Because of capacitive loading on the I2C data bus the 100K internal pull-up resistance on the TDS9092 may be too high. Check with an oscilloscope on pin a31 and ensure that the signal rises to logic 1 within one bit time of the waveform. If not, add an external resistor from port 5 bit 7 (pin a31) to +5VOUT. Try 100K then lower, the value needed will depend on how many I2C chips are connected and how long the wires are.
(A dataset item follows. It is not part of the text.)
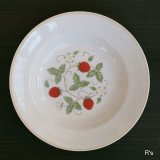 NIKKO　NKT　日本硬質陶器　23ｃｍ深皿　カレー・シチュー皿　いちご柄　未使用品(KK4438)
The file _PCF8574.TDS (comes with Update Service) has the software support. To use an I/O as input, first write hex FF to it (only needs to be done once). For example:
$66 7 !8574 ( output 8 bits to PCF8574
( device number 7
$FF 3 !8574 3 @8574 ( input 8 bits from PCF8574
( device number 3
Each IC has 3 pins which you tie to 0V or +5V to code for the device number.
I/O EXPANSION ON DATA BUS
For an 8-bit output use an octal latch type 74HC574 and for an input an octal buffer 74HC541. You need negative active address decode lines for these such as the spare chip selects provided on the TDS9092 connector, splitting them further with another decoder if you wish (see diagram).
I/O expansion on data bus
The basic Forth word to output the top of the stack to such a parallel 8-bit port is C! and to input 8 bits from 8 logic inputs to the top of the stack is C@ . For example
$1F $0182 C!
puts the binary pattern 00011111 to address 0182 so that it will appear at the output of the third chip from the left in the diagram. The three pins 12-14 will go to 0V and the five pins 15-19 will be +5V.
To work with individual bits use the logic operators OR AND XOR NOT . Note that an output port implemented as shown cannot be read back so in cases where individual bits are being manipulated a copy should be kept in RAM. For example, to output a pulse of 1ms on bit 3 of the chip on the right (i.e. address 0183):
0 VARIABLE 1MEMORY ( for output port copy
: INIT ( part of switch on initialisation
0 1MEMORY C! 0 $0183 C! ;
: PRESET ( - set bit 3 of output port U4 to logic 1
1MEMORY C@ $08 OR DUP $0183 C! 1MEMORY C! ;
: RESET ( - reset bit 3 of o/p port U4 to logic 0
1MEMORY C@ $F7 AND DUP $0183 C! 1MEMORY C! ;
: PULSE ( - output pulse of 1ms on bit 3 of device 4
PRESET 16 WAIT RESET ;
This technique ensures that only the desired bit is affected. All other bits on the same port are left unchanged.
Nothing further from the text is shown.